A couple of nights ago, I stayed up late watching Wimbledon (2004, Paul Bettany/Kirsten Dunst) to get myself ready for Wimbledon (2011, Roger Federer/Rafa Nadal). Wimbledon is a romantic comedy about two professional tennis players, named something like Charming O'English and Spunky McAdorable,1 who fall in love while all around them people eat cucumber sandwiches and repeatedly say the word "fortnight."2 Wimbledon is also unique among romantic comedies, and works of narrative fiction overall, in that it offers essentially no conflict. Charming and American meet cute,3 like each other from the start, and spend most of the movie uncomplicatedly enjoying each other's company, with just a little pushback from, you know, tennis and the paparazzi and American's ultimately pretty-wise-and-unmanipulative tennis dad, played by Cardinal Thomas Wolsey.

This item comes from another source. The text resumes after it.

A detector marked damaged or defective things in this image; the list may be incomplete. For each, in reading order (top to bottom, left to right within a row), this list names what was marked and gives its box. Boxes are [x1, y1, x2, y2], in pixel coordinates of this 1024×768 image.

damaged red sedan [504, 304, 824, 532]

The message of Wimbledon seems to be that if you're the star, it doesn't take much conflict to pass an enjoyable two hours, and in that sense, Roger Federer's first-round win over Mikhail Kukushkin on Tuesday was the Wimbledon of Wimbledon matches.4 Kukushkin put up a little resistance early, but went down easy in the first-set tiebreak, and then watched Federer roll to an increasingly pleasant and drama-free victory. Here's a representative moment: In the second set, leading 3-2 and with a break already in hand, Federer rips a backhand to Kukushkin's ad corner. Kukushkin returns it all the way across the diagonal length of the court — a good shot, but one that leaves him way out of position. While he scampers to the right, trying to get to someplace where he can conceivably parry whatever Federer will send back, Federer pauses, lets the ball hang in the air for what feels like 10,000 seconds, then — Kukushkin now having scurried too far to the right — murders him with a soft, soft backhand to the exact same ad-corner spot where his last shot had landed. Four-two in the second, en route to 7-6(2), 6-4, 6-2. It was that kind of match.

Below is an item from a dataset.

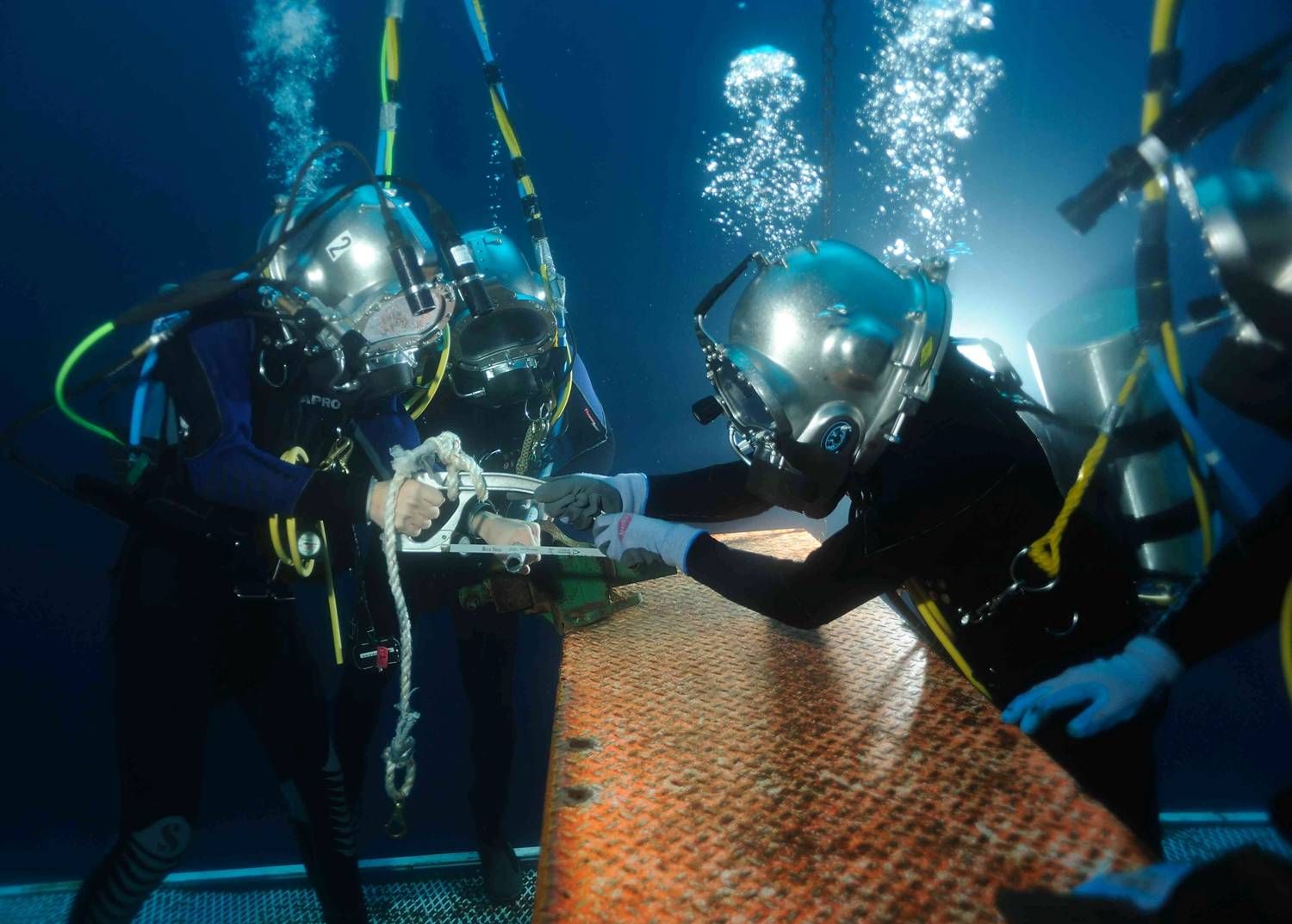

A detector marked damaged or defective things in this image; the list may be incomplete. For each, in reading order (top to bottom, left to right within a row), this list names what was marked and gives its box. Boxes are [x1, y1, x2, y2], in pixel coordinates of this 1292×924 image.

rusty orange metal plate [535, 532, 1152, 920]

Obviously Federer, an all-time great whose best surface is grass, was always a good bet to clean out Kukushkin, a 23-year-old Kazakh whose best surface is the lightless obscurity from whence he sprang. Early-round Wimbledon matches tend to be cake for the top players anyway,5 so if you're watching at home, you look for whatever bright spots you can find. Easily the most magnificent thing about Federer-Kukushkin was the word "Kukushkin" itself, which, with its ample vowels, its trippy k's, and its long, refreshing shhhh, is delightful to type, hear, and say. During some of the late rallies, I jotted down notes such as It sounds like a pig being thrown off the side of a cruise ship and It sounds like the devil cracking a 7-Up in hell. Not to get too far off-topic, but in real life, there are only three things a person is likely to say after hearing the sound "Kukushkin":
- 1. "Luca Brasi sleeps with the fishes."
- 2. "Somebody throw Harvey Weinstein a life preserver!"
- 3. "Brgrgrgrgrgqqqqqqqqplxxx."6
So that was enough to keep me happy.7 And it didn't rain. As far as Very Significant Storylines go, though, unless you're a Williams sister, you're going to have to wait a couple of rounds before we're likely to hit dramatic, or even plausible romantic-comedic territory. Sometimes winning a tennis match is a little like paying off college loans — when you get close to the end, it's easy to make the extra push8 you need to finish the job, but when you're down two sets and a break or staring at 10 years of payments, it's harder to give more than the cautious minimum. In the early rounds, the top players are essentially starting with that late-game feeling that they've got two payments left and can find the money any time. Their opponents can't believe they've just borrowed a hundred grand and didn't even get a boat.9
Wimbledon starts soft and (unlike Wimbledon) gets louder as it goes on. But for now, Kukushkin goes back to practice, or Kazakhstan, or the ambient soundtrack of Coke commercials, while Federer moves on to play 55th-ranked French lefty Adrian Mannarino, as simple as falling in love with the person the script says you're in love with.